The vedas were largely ignored or easily circumvented and, despite these prohibitions, according to Dr. Jaime Hoogesteger (a long-term advisor to Caminos) the number of drilled wells in the state rose from 100 in the 1940s to 2,000 in 1960. By 1982, more than 10,000 wells were drilled, and, today, there are estimated to be more than 20,000 wells in the State of Guanajuato. According to the State Water Commission of Guanajuato, groundwater extraction reached 4,000 Mm3/y (million cubic meters per year) by 2016. However, the recharge rate is only around 3,000 Mm3/y – meaning we are extracting at least 25% more groundwater from the aquifers every year than gets refilled naturally by rainfall. 

While some of this boom can be attributed to urban expansion and even modernizing the rural agricultural production system of the ejidos, the vast majority of groundwater extraction can be placed squarely on the commercial interests of mid to large-scale agricultural producers. 

This rampant disregard to sustainably manage and preserve our most important resource is what Hoogesteger calls the “ostrich politics of groundwater:”

“Politicians, bureaucrats, private companies and powerful users all act alike -just like ostriches-, they tend to bury their heads in the sand and ignore the obvious signs and consequences of sustained intensive groundwater use on the environment, the rural poor and future generations[…]"

THE CONSEQUENCES

Groundwater decline has pushed many who once worked the ejidos (ejiditarios) out of production, and forced a large part of the rural population to migrate to both Mexican and US cities, radically transforming the social and economic fabric of rural communities. In this race to the bottom of our aquifers, rural communities, as well as the quality and availability of water in urban centers, have been increasingly impacted, leaving behind dire environmental, health, and water accessibility issues. As the water table continues to decline, more wells will go dry and arsenic and fluoride concentrations will continue to rise, imperiling the health of hundreds of thousands.
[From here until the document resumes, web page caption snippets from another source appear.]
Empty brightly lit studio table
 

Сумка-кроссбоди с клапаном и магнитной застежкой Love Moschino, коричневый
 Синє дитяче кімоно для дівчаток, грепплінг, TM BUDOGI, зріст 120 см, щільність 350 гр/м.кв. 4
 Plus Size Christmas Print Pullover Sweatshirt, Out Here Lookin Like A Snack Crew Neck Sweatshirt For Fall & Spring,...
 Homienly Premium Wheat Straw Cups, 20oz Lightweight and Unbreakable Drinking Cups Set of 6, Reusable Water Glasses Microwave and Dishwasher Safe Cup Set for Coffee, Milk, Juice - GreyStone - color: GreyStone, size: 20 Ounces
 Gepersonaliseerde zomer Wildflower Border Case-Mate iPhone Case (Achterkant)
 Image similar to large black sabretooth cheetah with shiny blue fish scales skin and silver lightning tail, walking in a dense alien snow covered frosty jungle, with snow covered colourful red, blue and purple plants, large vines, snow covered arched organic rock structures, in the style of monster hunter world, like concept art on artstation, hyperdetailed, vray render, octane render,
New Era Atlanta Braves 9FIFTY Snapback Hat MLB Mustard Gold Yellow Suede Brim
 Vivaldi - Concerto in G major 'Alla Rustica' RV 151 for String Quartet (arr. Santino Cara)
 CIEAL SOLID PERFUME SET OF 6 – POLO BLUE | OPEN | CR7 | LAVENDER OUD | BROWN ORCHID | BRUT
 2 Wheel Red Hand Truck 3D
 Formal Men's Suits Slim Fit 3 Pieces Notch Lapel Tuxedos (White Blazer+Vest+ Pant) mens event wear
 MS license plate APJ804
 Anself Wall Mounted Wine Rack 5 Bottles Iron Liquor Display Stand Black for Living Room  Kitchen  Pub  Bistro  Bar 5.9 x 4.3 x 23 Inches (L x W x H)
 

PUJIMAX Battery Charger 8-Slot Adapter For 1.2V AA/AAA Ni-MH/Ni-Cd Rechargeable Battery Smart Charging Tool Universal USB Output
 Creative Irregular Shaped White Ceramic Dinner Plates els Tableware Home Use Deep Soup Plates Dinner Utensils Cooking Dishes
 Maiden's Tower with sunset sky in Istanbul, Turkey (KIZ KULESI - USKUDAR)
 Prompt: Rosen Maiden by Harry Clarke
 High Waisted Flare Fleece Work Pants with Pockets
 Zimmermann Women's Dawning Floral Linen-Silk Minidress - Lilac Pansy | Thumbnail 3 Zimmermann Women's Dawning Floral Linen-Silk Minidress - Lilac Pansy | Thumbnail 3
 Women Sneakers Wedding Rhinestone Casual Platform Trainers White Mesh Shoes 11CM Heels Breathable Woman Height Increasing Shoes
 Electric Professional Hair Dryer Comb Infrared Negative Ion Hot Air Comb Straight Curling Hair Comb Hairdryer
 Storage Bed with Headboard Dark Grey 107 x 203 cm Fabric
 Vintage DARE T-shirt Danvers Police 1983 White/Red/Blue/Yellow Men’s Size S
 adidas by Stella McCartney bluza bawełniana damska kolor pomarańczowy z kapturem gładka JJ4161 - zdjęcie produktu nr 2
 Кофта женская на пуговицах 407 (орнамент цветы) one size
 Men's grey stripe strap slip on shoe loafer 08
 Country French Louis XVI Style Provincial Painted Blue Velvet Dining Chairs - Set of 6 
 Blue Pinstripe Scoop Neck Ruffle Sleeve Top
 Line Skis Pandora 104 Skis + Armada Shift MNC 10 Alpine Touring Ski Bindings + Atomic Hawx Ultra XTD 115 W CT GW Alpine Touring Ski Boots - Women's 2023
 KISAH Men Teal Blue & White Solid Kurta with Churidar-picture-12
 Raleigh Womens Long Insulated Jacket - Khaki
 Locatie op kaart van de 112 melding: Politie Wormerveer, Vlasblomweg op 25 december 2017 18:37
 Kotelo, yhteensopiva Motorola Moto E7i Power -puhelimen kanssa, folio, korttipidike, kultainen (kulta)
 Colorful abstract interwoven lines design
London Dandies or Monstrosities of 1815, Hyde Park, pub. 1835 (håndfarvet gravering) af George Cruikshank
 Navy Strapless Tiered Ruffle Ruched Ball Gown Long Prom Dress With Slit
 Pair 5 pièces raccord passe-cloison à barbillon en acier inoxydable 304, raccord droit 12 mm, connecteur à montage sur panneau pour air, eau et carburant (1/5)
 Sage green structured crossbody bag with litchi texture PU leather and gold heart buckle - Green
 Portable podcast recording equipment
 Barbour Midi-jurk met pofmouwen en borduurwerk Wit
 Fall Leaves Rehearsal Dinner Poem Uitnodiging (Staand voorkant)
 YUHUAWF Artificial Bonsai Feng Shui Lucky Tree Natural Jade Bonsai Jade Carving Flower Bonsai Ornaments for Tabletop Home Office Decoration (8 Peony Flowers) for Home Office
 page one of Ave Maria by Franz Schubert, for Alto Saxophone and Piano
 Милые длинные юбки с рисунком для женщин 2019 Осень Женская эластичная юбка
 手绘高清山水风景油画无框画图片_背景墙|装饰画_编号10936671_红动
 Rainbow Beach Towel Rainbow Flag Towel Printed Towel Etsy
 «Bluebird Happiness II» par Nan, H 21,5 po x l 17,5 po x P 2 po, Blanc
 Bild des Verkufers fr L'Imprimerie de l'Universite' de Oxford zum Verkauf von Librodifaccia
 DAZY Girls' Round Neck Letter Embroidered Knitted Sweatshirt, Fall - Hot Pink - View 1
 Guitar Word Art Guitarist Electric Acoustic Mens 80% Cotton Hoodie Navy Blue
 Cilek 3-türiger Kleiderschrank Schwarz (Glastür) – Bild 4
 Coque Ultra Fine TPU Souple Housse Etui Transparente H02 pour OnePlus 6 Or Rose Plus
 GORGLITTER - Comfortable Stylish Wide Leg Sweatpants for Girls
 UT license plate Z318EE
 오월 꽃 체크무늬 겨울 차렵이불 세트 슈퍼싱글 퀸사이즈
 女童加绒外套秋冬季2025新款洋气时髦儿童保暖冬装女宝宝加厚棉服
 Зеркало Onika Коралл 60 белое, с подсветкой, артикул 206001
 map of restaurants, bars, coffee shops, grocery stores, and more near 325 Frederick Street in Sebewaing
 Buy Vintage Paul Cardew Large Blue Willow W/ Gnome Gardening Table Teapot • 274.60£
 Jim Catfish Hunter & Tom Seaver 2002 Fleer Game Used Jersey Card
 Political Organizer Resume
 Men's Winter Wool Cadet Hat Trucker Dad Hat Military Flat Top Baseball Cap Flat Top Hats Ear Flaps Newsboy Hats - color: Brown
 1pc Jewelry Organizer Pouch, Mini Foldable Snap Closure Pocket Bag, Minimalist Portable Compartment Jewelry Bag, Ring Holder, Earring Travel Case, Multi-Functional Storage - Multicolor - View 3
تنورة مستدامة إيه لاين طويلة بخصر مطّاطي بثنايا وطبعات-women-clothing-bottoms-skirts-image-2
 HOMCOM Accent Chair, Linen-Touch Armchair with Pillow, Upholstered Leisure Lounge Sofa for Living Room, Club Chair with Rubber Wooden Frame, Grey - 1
Photo: Ana, Caminos de Agua’s Community Organizer, talking to members of the community of Misión de Chichimecas before taking a water sample from their well.

Monitoring the problem and creating solutions, educational programming, and community-implementation models that we do in Caminos de Agua are incredibly important factors to help solve the underlying issues for so many. Further, we adamantly believe this work is more crucial now than ever before as there are far too many people suffering the consequences of diminishing and contaminated water supplies today, who simply do not have the luxury to wait for the long-term political solutions. 

However, the root causes of this region’s incredibly complex water crisis requires true systemic change – far more than we alone can offer as a small NGO. Political will and multi-institutional collaboration are greatly needed to create programs and coherent water policies to both heal and then safeguard our finite water resources for the future. We must look to restore our watersheds, increase groundwater infiltration, promote reforestation, and push citizens and industry alike to invest in water conservation and capture for the good of all. But, most of all, we must find ways to limit the consumption of the major water abusers, and it all starts with agriculture.